Avantages et inconvénients d’un parc propre

Dans le contexte de pénurie actuelle, certains chargeurs s’interrogent légitimement sur l’opportunité d’investir dans une flotte propre de conteneurs, afin de s’affranchir en partie de la dépendance vis-à-vis des compagnies maritimes. C’est ce que l’on appelle les conteneurs "clients" (en anglais "Shipper’s Owned Containers", SOC).

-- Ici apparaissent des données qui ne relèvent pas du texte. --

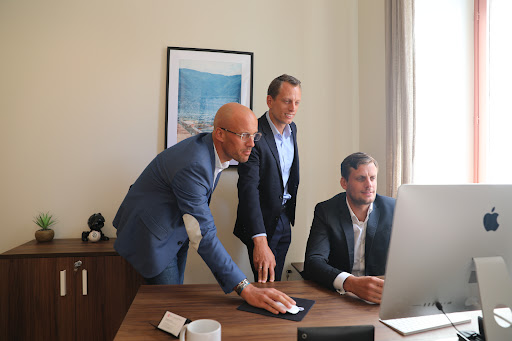 My Conseiller Privé - Gestion de Patrimoine - Immobilier Neuf - Saint Germain en Laye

Attention avant de se lancer dans l’aventure ! Un conteneur nécessite un entretien régulier, de l’espace de stockage et donc de manutention, ainsi que des contrôles périodiques attestant de ses capacités structurelles (conformément à la réglementation de la "Convention for Safe Containers"). D’autre part, il faut bien prendre en compte dans son analyse le potentiel d’utilisation dans les sens aller et retour. Si le chargeur doit supporter les frais de rapatriement à vide de son conteneur, l’opération n’est pas amortissable économiquement sauf à entrer dans des négociations avec les commissionnaires de transport pour leur louer leurs équipements. Cette option connaît d’ailleurs actuellement un certain frémissement.

Point positif dans la balance risques/bénéfices : outre la maîtrise des moyens, l’utilisation de conteneurs "client" permet de bénéficier d’une ristourne au moment de la négociation des "frais et fret" avec les compagnies maritimes, puisque ces dernières n’ont pas à supporter les coûts logistiques associés à la gestion et à l’entretien des conteneurs, ainsi que les frais de mise à disposition et de restitution...

Dernier point : les conteneurs sont souvent utilisés par les chargeurs pour stocker temporairement de la marchandise hors entrepôt, avec une contrepartie financière négociable (via les frais de détention facturés par les compagnies maritimes). Si le chargeur devient propriétaire de ses propres conteneurs, le jeu perd évidemment de son intérêt.